第87話  一晩経っても


 放課後。

 蜘蛛の巣に似た材質の渡り廊下を歩き男子校の『第一会議室』の扉を開けると、教室にいた数名が反射的に振り向いた。

「やあやあ、小田島実行委員長殿!」

 にこりと笑って手を上げたのは、男子校三年生のデレクさん。

「こんにちは」

 順当に――つまり僕がいなければ、おそらく実行委員長の座についていたであろう先輩に笑顔を返しつつ席に座る。にこやかな彼の態度とは裏腹に、会議室を満たすのは通り道に異物を置かれたアリ達のような混乱だった。
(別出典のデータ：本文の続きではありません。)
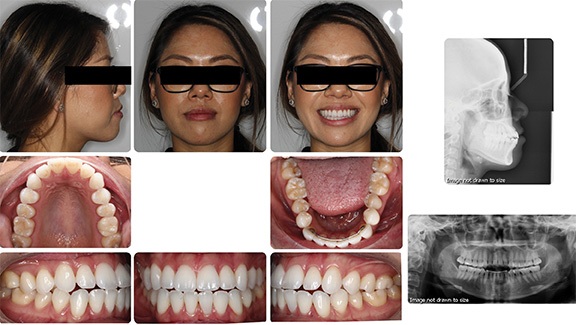 The Architects of the Lips: Part 2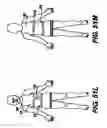 Fig. 49 - Obstructive sleep apnea treatment devices, systems and methods
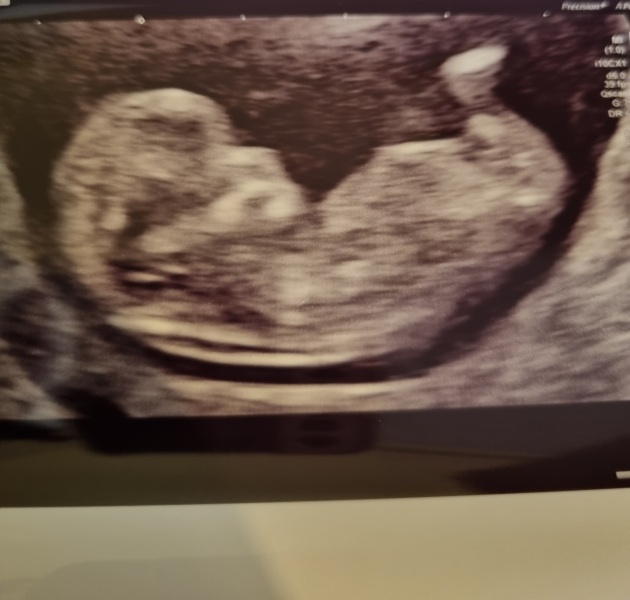 Gender guess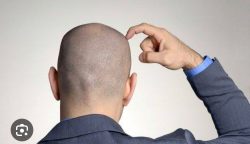 Caleg EC Sampaikan Klarifikasi Tertulis Atas Dugaan Pemukulan Wanita di THM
 見れば、そこにいたのはみんな彼と仲の良い人たちで、誰かの陰口でも言っていたのだろう雰囲気の残骸もあちこちに感じられた。

「……昨日の会議では、反対意見はなかったはずですけど」

 ボードを背にした長の席に腰を下ろしながら、誰にともなく問いかける。

「ん? はは、嫌だなあ。勘違いしないでくれよ。少なくとも俺は、君が委員長に就任することに賛成してるよ」

 当然の様に口を開いたデレクさんが、にこやかなスマイルで。

「みんなもそうだろう? ――うん、ほら。全会一致さ」

 芝居がかった彼の態度に、僕もまた頷いて。

「僕らの――この三校はエリートが集まる場所だって聞きました。だから、合同のイベントごとで長を務めることは、この島で暮らす上では色々と有利になるらしいですね」

 窓辺に座る彼は笑った。とても魅力的で、柔らかな笑顔だと思う。

「はは、そうだねえ。確かに今まで長を務めた先輩たちの経歴からしても、この三校合同祭の長が大変名誉な役職だっていうのが全島民の認識だろうね」

 頷く。

「デレクさんは一年生の時から実行委員と準備委員を務めていて、今回、その実利ある役職につくのがあなただというのは既定路線だったという話も」

 こげ茶の髪にとび色の瞳の先輩は少し肩をすくめて見せて。

「否定はしない。だけど、君が立候補するなら話は別さ。わかるだろ? 小田島クンは、ただの本土出の転校生じゃない。アンチバイラス――それも特殊大隊・第三小隊に所属していて、年配の方の中には君を『元帥の再来』だと見ている人も多い」

 真っすぐに見つめてくる彼の背から差し込む夕日が異様にまぶしくて、僕の目が細くなる。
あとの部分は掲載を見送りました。